The ugly political knife fight over the Kansas Arts Commission just got real. In his first months in office, Gov. Sam Brownback went on a government-slashing spree, shuttering and consolidating several agencies and offices. He ordered the commission to be closed and planned for a nonprofit to replace it.
But the state Senate rejected Brownback's move, keeping the Arts Commission open and eligible for all-important federal-grant cash. It probably felt like a slap in Brownback's face, but there didn't appear to be anything he could do about it. Then, with the help of legislative budget delays, Brownback found a creative way to get what he wanted.

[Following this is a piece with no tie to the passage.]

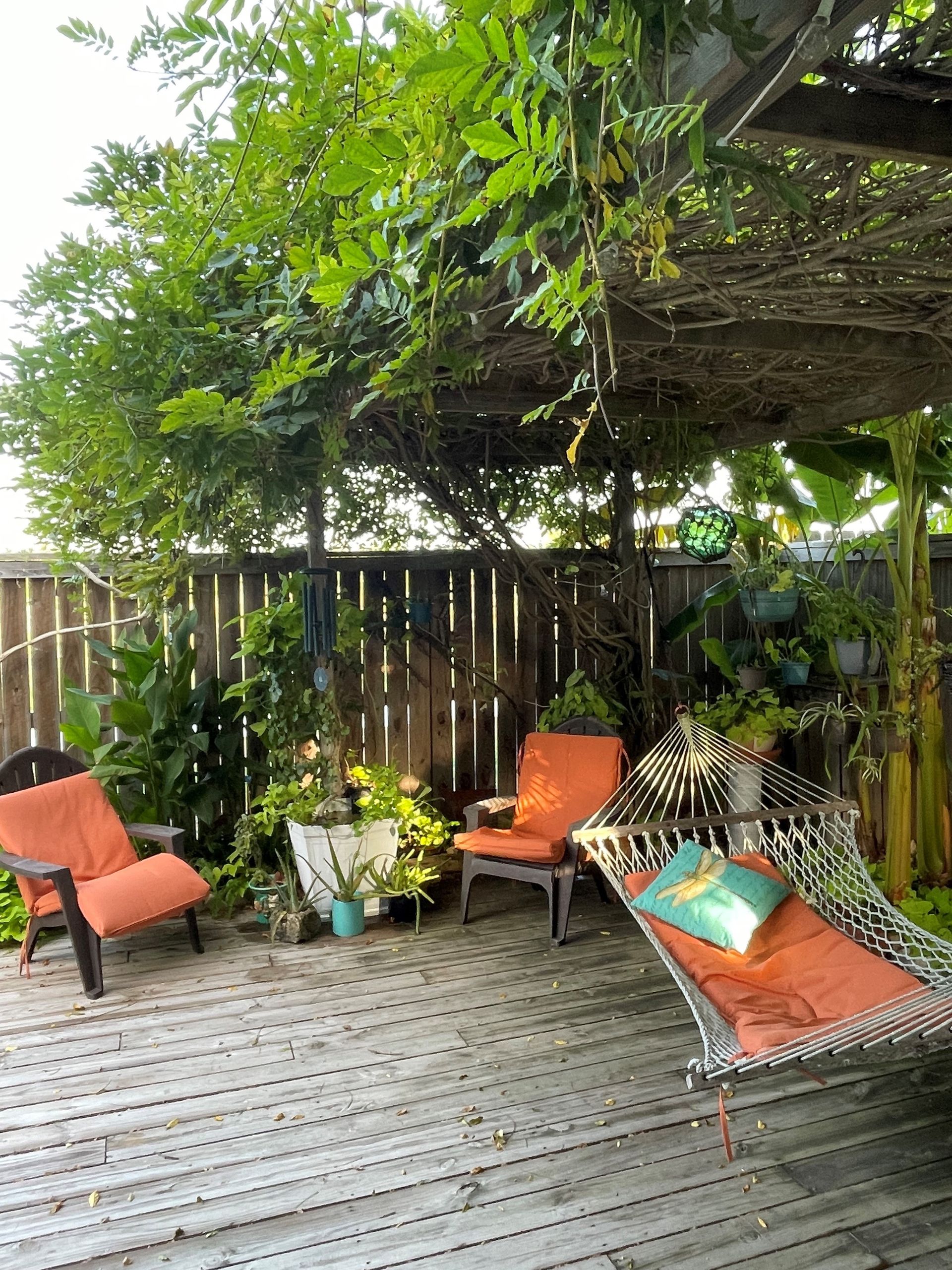 There is a hammock and chairs on the deck.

See, budget negotiators have squirreled away $689,000 of state money to
get the KAC through the next fiscal year. But the budget hasn't passed
yet, and the governor can Wite-Out the funding with the line-item veto
anyway. In other words, with no funding bill passed and the governor's guillotine waiting, KAC employees
can carpool to the unemployment office.
Secretary of the Kansas Department of Administration, Dennis Taylor,
sent KAC's five employees letters yesterday, letting them know that they are
being terminated and the commission will be closing after all. The Topeka
Capital-Journal quotes Taylor's icy firing notes: "Given
the lack of funding, the agency positions
will be abolished resulting in total agency closure."

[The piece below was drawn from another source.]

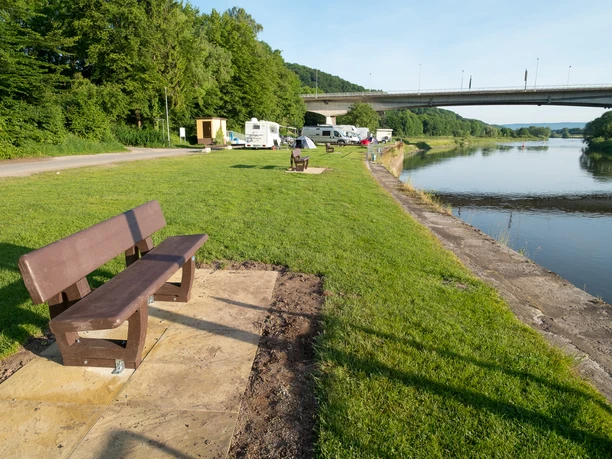 Vlothoer Hafen Vlothoer Hafen, vorne eine Bank, dann eine Wiese mit Wohnmobilen. Hinten ist die Weserbrücke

The news came as a bit of a surprise to KAC workers, who had assumed that
they were safe. Henry Schwaller, the chairman of KAC's board, told the
Cap-Journal that the government was jumping the gun. "This was a very hasty move that did not have to be done," he
told the paper, adding that the KAC has funding through this fiscal year,
which ends June 30. The employees were told that June 10 will be
their final day.
Well, nice try, Kansas Senate. You did an admirable thing in trying to
save the KAC. Remember this for next time: Nobody -- not even other
Republicans -- puts Brownback in the corner!